There can be Terabytes of data being transferred in some of these distributed applications. Running a TCP dump on a highly utilized node may cause the Kernel to discard some of the frames before sending them up the stack where TCPDUMP is listening. In this case, the packet would reach the application but TCPDUMP will not be able to collect the information. 
 

In this situation, look at "When to take a tcpdump". The chances are a dump will not be helpful in this case. If the node is this much utilized then it will most likely be the root of the problem and TCPDUMP is a not required.
 

When to take a tcpdump

In most cases, the application should have enough logging to help the user understand if there was a communication issue on the remote node.  For example, if the application is GPFDIST and the read timeout  300 seconds and the segment log says we timed out communicating with GPFDIST, then a tcpdump might not help. The tcpdump will simply tell you that GPFDIST didn't respond so segment timed out.
 

Whenever possible avoid executing a TCPDUMP. The best time to run a TCP collection is to rule out network latency, customer firewalls, and to debug what data is being sent to the remote node. 
 

How to execute the rolling TCPDUMP which solves all of the issues

First, prepare the node for collection. In order to run the dump you have to be root. The kernel will not allow non-super users to put a network interface into promiscuous mode. However, when tcpdump runs it will by default write out files as the tcpdump user. Make sure the tcpdump user has to write permissions to the collection directory. 
 

1. mkdir -p /data/support/tcpdump
2. chmod 777 /data/support/tcpdump
3. Verify tcpdump user can write to this new directory:

   sudo -u tcpdump touch /data/support/tcpdump/test123
   

Once the above pre-reqs are completed, start the trace:

tcpdump -C 512 -W 8 -s 256 -w /data/support/tcpdump/gpdbgang_issue -i bond0 "tcp port 8020"

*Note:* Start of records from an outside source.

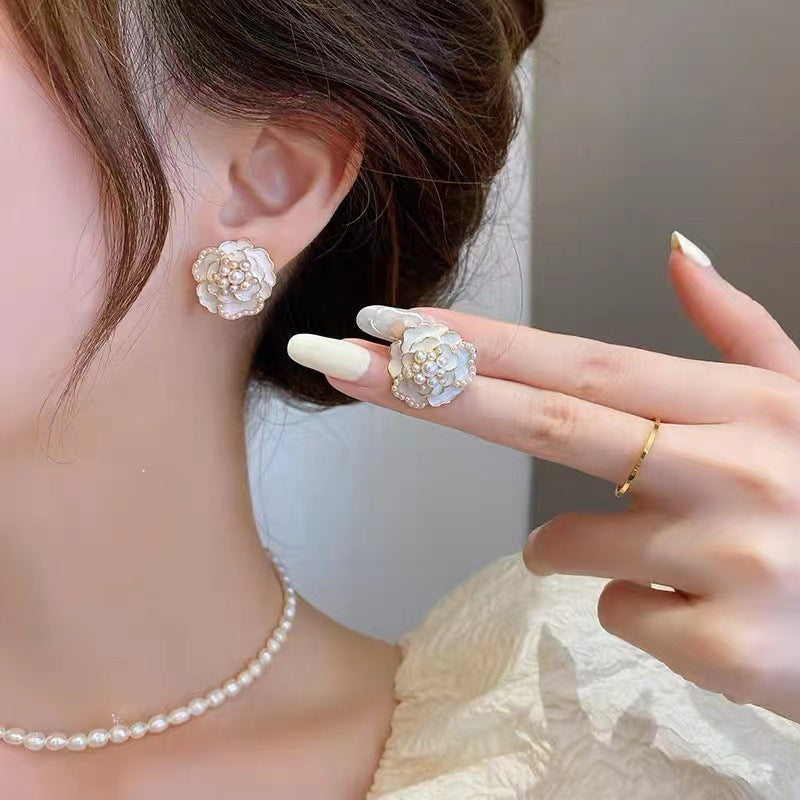 Romantic Pearl Earring for Special Moments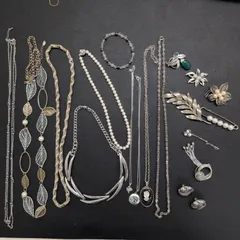【遺品整理 まとめて㉒】ジュエリー　SILVER925あり　ブランド　MONET　シルバー系　イヤリング　ブローチ　ネックレス　パール　アクセサリー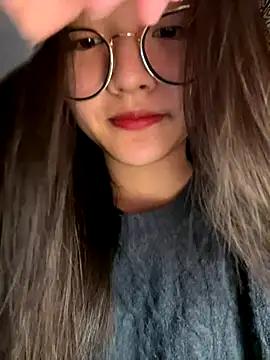 Snapshot of Krixxi22 chatting on October 24, 4:03 pm Krixxi22 online show from October 24, 4:03 pm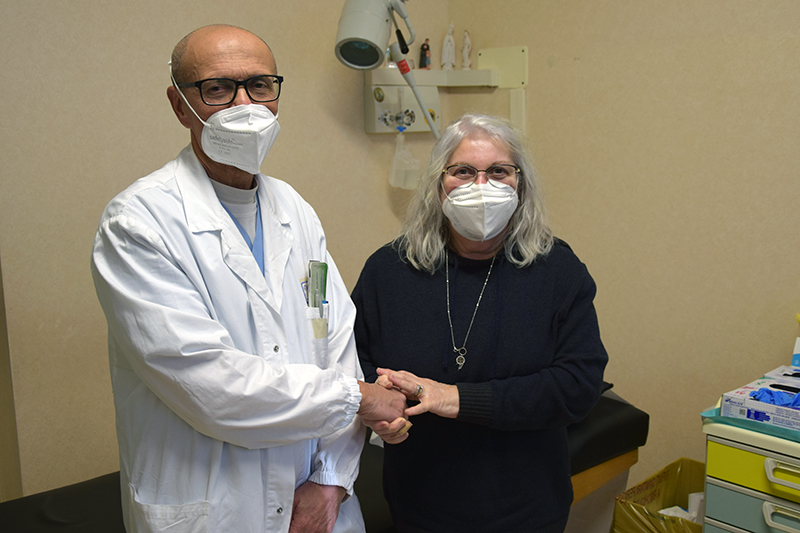Siena, intervento di terapia neuromodulativa su paziente con dolore neuropatico invalidante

The above command will collect 8 files with size of 512MB resulting in 4GB of data collected.  TCPDUMP will first write to file1 through file8.Once file8 has reached 512MB it will loop back and overwrite file1 resulting in a rolling tcpdump.
 

the -s option is the packet capture length.  In a typical infrastructure the max packet length is 1514 bytes.  If not interested in capturing the data payload of packet then it is a good idea to limit this to about 256 bytes to capture the packet header and some data.